Zero-Shot Depth Estimation Combining Relative and Metric Approaches: ZoeDepth Framework
The paper presents ZoeDepth, a novel approach to single-image depth estimation that bridges the gap between relative and metric depth estimation. The primary innovation lies in integrating pre-training on several relative depth datasets and fine-tuning on specific metric depth datasets, significantly enhancing both the generalization capabilities and metric accuracy of the model. This dual-stage training process leverages the strengths of both relative and metric depth estimations, enabling robust performance across varied domains.
Overview of Previous Work
Single-Image Depth Estimation (SIDE) has traditionally been bifurcated into two branches: Metric Depth Estimation (MDE) and Relative Depth Estimation (RDE). MDE predicts depth in absolute terms, essential for applications requiring precise spatial measurements. However, MDE models often struggle to generalize across diverse datasets due to differences in scales and contexts.
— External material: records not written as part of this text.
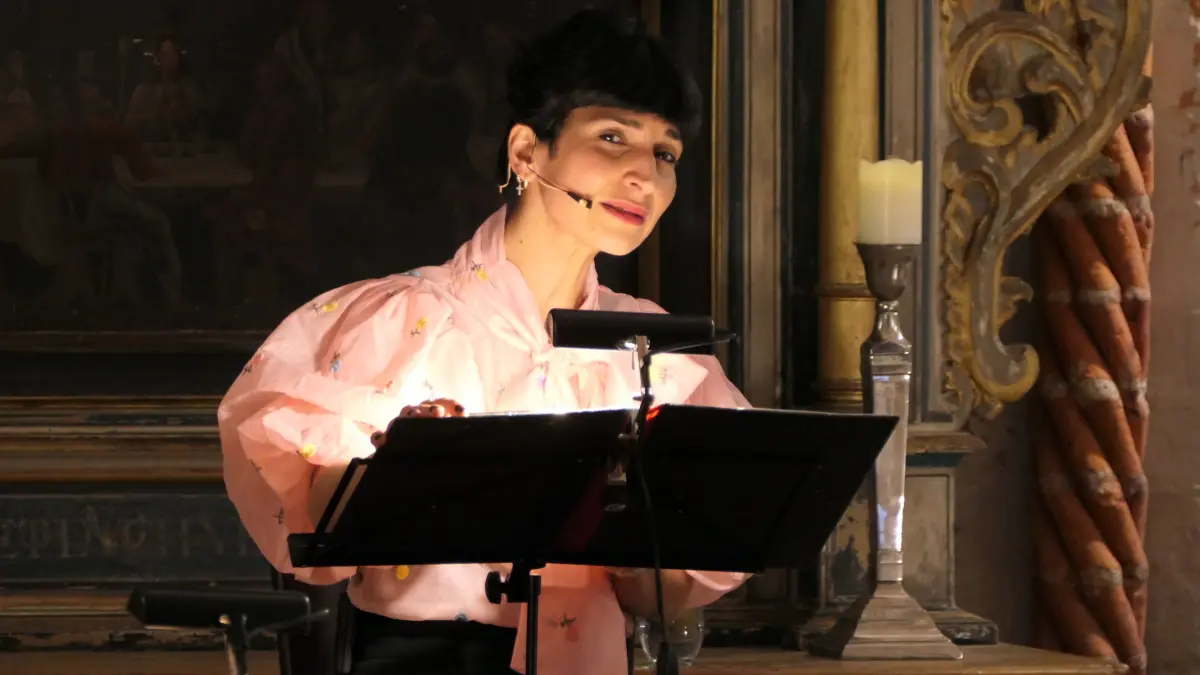 Schauspielerin Neda Rahmanian liest die Texte von Hildegard von Bingen beim Auftaktkonzert von Aequinox 2025.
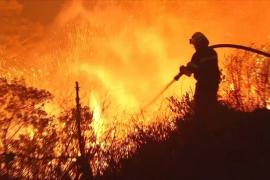 Сильный пожар в Чили: сгорели десятки домов
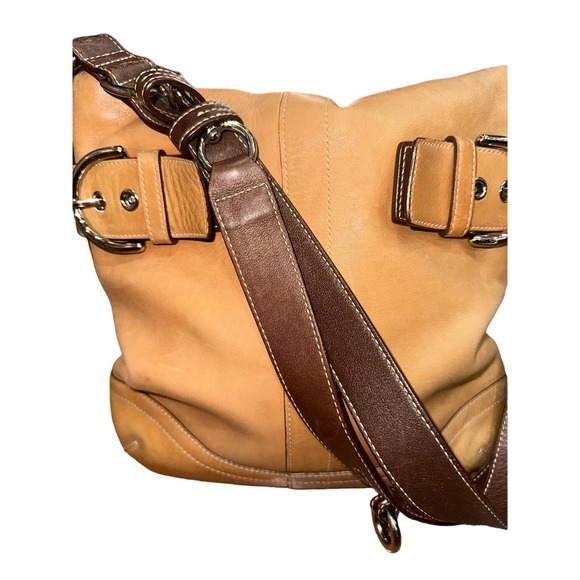 Vintage Coach Soho Slim Convertible Bag . Buttery Soft Caramel Leather - Picture 1 of 13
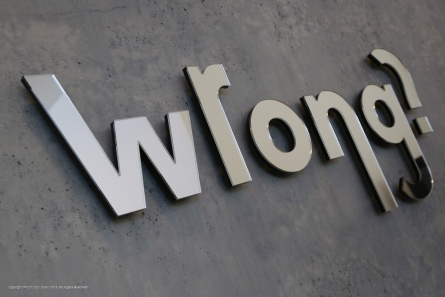 Wrong? - Spiegelndes Logo
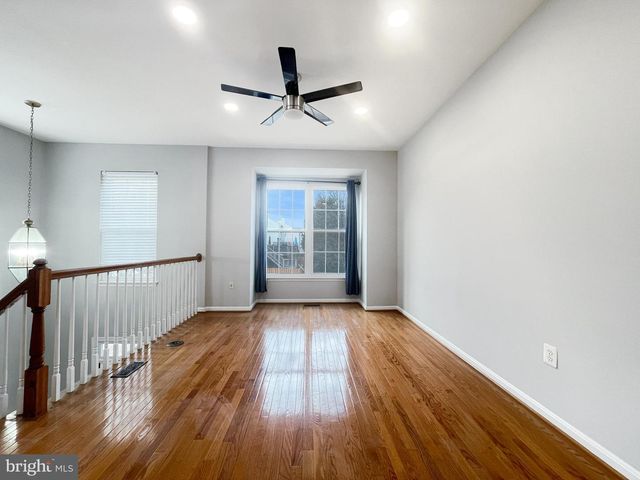 2473 SUGAR MILL WAY, Herndon, VA 20171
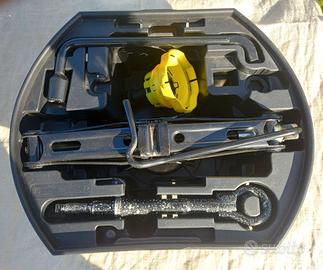 Crik e attrezzi Peugeot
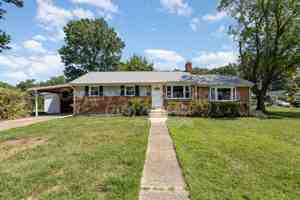 featured image of 3233 Holly Hill Dr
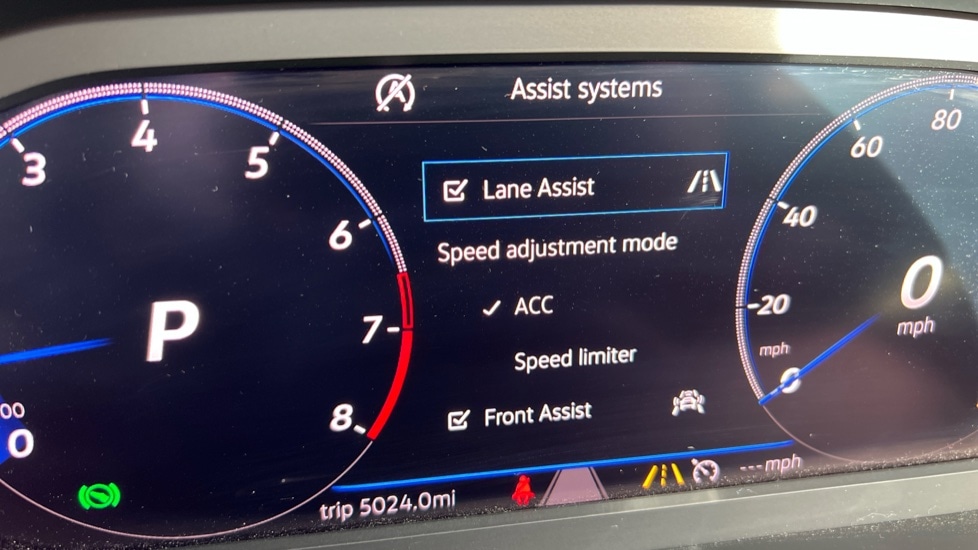 Used Volkswagen T-Roc 2018 for sale - 76870394: Photo 51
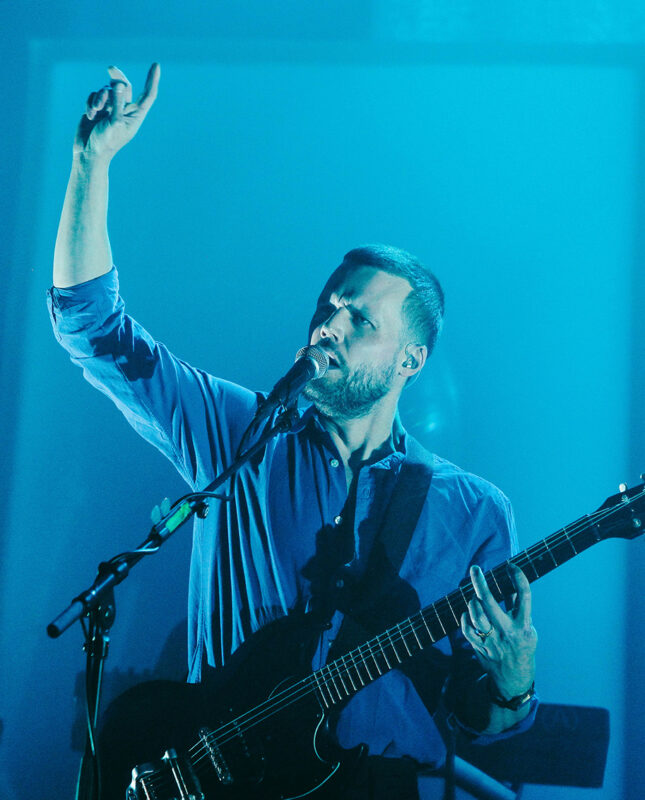 White Lies en concert à la Machine du Moulin Rouge, Paris, le 3 février 2026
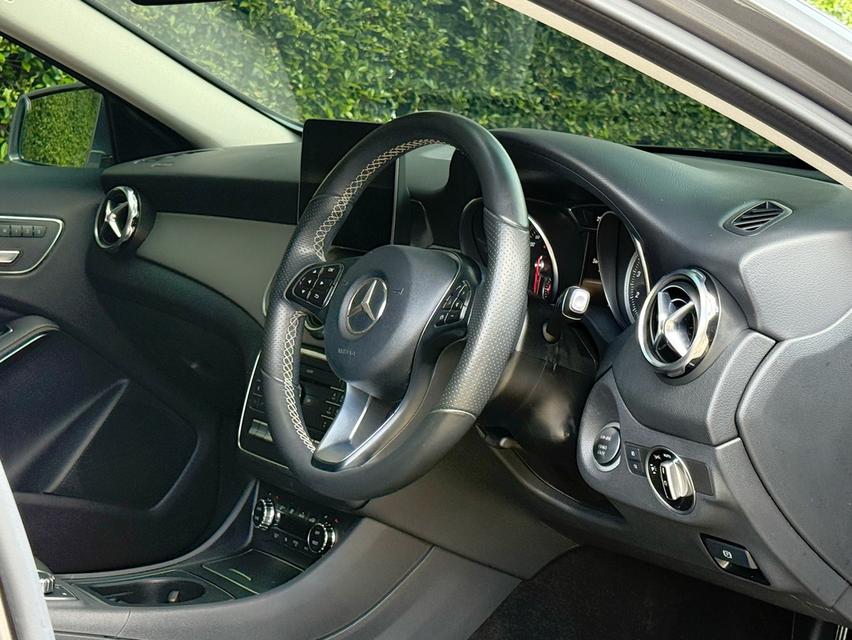 2019 BENZ GLA200 FACELIFT รถมือเดียวออกป้ายแดง รถวิ่งน้อย เข้าศูนย์ตามระยะ รถไม่เคยมีอุบัติเหตุครับ รูปที่ 10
In contrast, RDE produces depth estimates consistent relative to each other but without fixed metric meaning, permitting better generalization across datasets but limiting practical applications. Existing works primarily focus on improving one performance metric at the expense of the other, necessitating a comprehensive solution that can achieve both high generalization and metric accuracy.
Key Contributions
- Dual-Stage Training Framework: ZoeDepth employs a two-stage training approach. Initially, an encoder-decoder architecture (specifically, MiDaS) is pre-trained using multiple relative depth datasets (M12), which enhances generalization capabilities. This is followed by attaching domain-specific metric heads and fine-tuning on metric depth datasets—specifically NYU Depth v2 and KITTI.
- Metric Bins Module: Introduced to replace traditional regression heads, this module adopts an adaptive binning approach for metric depth estimation. Inspired by the LocalBins design, the approach involves predicting depth distributions at each pixel, followed by bin refinement through novel attractor layers, which adjust bin centers based on multi-scale features.
- Log-Binomial Probability Distribution: Instead of the traditional softmax, ZoeDepth employs a log-binomial distribution for computing probabilistic depth estimates. This considers the ordinal relationship between depth bins, addressing over-smoothing issues encountered in prior methods.
- Flexible Training Configurations and Routing: ZoeDepth supports multiple configurations for fine-tuning, allowing single or multiple metric heads for different datasets. An automatic routing mechanism directs input images to the relevant metric head based on learned latent features.
Experimental Results
Performance on NYU Depth v2: The model ZoeD-M12-N, trained in the proposed framework, outperforms state-of-the-art models like NeWCRFs by approximately 21% in terms of REL on the NYU Depth v2 dataset, demonstrating the efficacy of the training strategy and model architecture. Even without the extensive pre-training (ZoeD-X-N), ZoeDepth shows a considerable improvement of 13.7%, highlighting significant gains owing to the architecture alone.
Handling Multiple Datasets: ZoeDepth (ZoeD-M12-NK), trained across indoor (NYU Depth v2) and outdoor (KITTI) domains with two separate metric heads, shows unprecedented zero-shot performance. It outperforms state-of-the-art models not only on trained datasets but also across multiple unseen datasets like iBims-1 and DIML Outdoor. The architecture provides substantial improvements—up to 976.4% in REL (DIML Outdoor)—evidencing robust generalization across highly variable scenes.
Ablation Studies: Various ablation studies reveal that each architectural and methodological enhancement—including the metric bins module, attractor layers, and log-binomial probability distribution—contributes significantly to the model's overall performance. The flexibility in switching encoder backbones without hampering performance ensures that ZoeDepth can leverage advances in backbone architectures, such as larger or more efficient transformer models.
Implications and Future Work
ZoeDepth sets a new benchmark in the domain of single-image depth estimation by successfully combining the benefits of relative and metric depth estimation. The implications are substantial for applications requiring high generalization across diverse environments and precise depth measurements, such as autonomous driving, robotics, and augmented reality.
Future research directions include scaling the approach to more granular domain-specific training beyond just indoor-outdoor distinctions, potentially leading to even higher performance and better generalization. Additionally, extending this framework to stereo-image depth estimation presents an exciting avenue for further research.
In summary, ZoeDepth provides a comprehensive and flexible solution for depth estimation, setting a new standard for balancing generalization and metric accuracy across varied datasets and application domains.